Quantum Gravity Remains Elusive as Ultra-High Energy Neutrinos Show No Signs of Spacetime Fluctuations

Scientists have long sought to unify the theories of general relativity and quantum mechanics, aiming to achieve a quantum description of gravity. A new study published in Nature Physics by physicists from The University of Texas at Arlington (UTA) and an international collaboration has delved deep into the interface between these two theories using ultra-high energy neutrino particles detected by the IceCube Observatory in Antarctica. However, the study found no evidence of the expected quantum gravitational effects.
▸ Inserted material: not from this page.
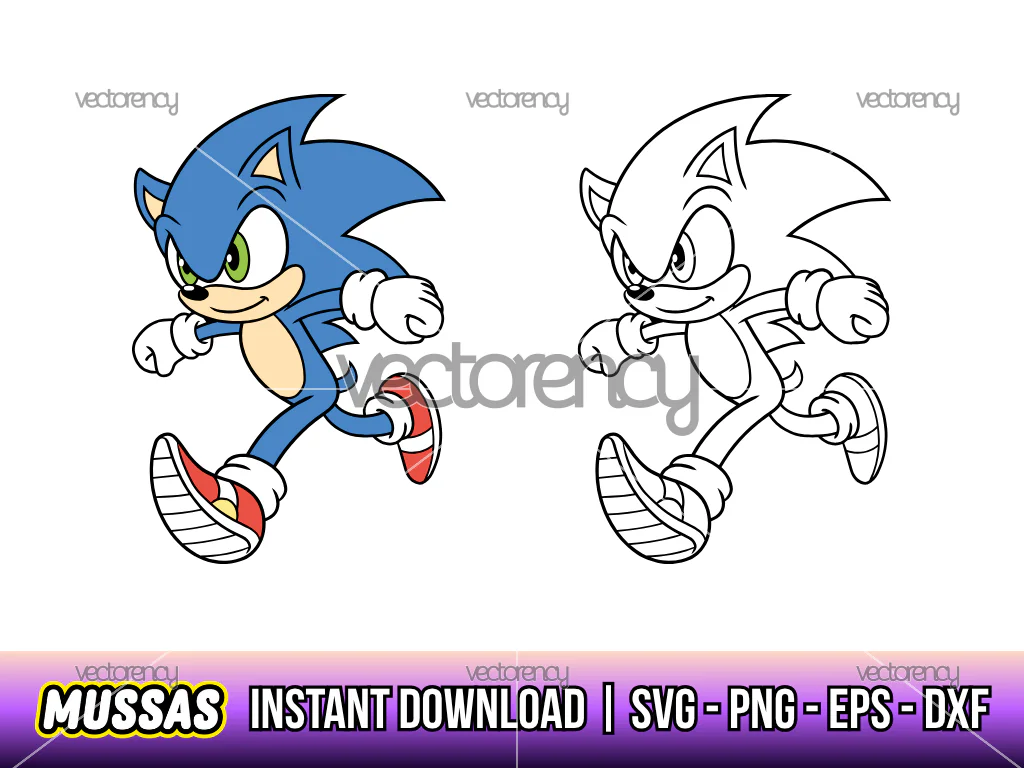 Sonic SVG Cricut Outline PNG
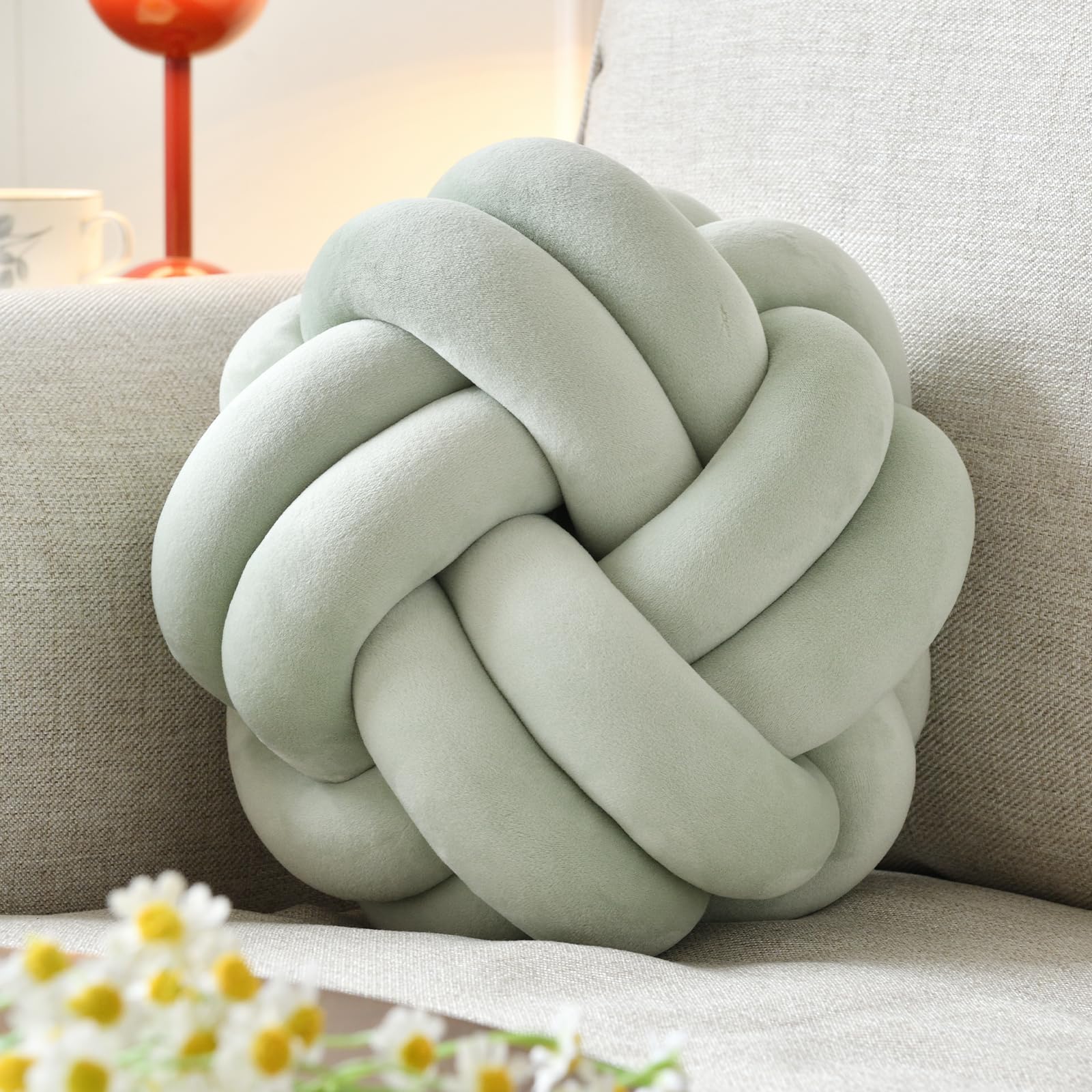 Vbgya Knot Ball Pillow, Round Decorative Throw Pillows Cushion, 8 Inch Sage Green Soft Plush Knotted Pillows Pillow, Modern Home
“The challenge of unifying quantum mechanics with the theory of gravitation remains one of the most pressing unsolved problems in physics,” said co-author Benjamin Jones, associate professor of physics at UTA. “If the gravitational field behaves in a similar way to the other fields in nature, its curvature should exhibit random quantum fluctuations.”

Searching for Signatures of Quantum Gravity

The international IceCube Collaboration team, which included more than 300 scientists from around the world, placed thousands of sensors throughout one square kilometer near the south pole in Antarctica to monitor neutrinos. These unusual but abundant subatomic particles are neutral in charge and have no mass. The team studied more than 300,000 neutrinos, looking for signs of random quantum fluctuations in spacetime that would be expected if gravity were quantum mechanical, as the particles travel long distances across the Earth.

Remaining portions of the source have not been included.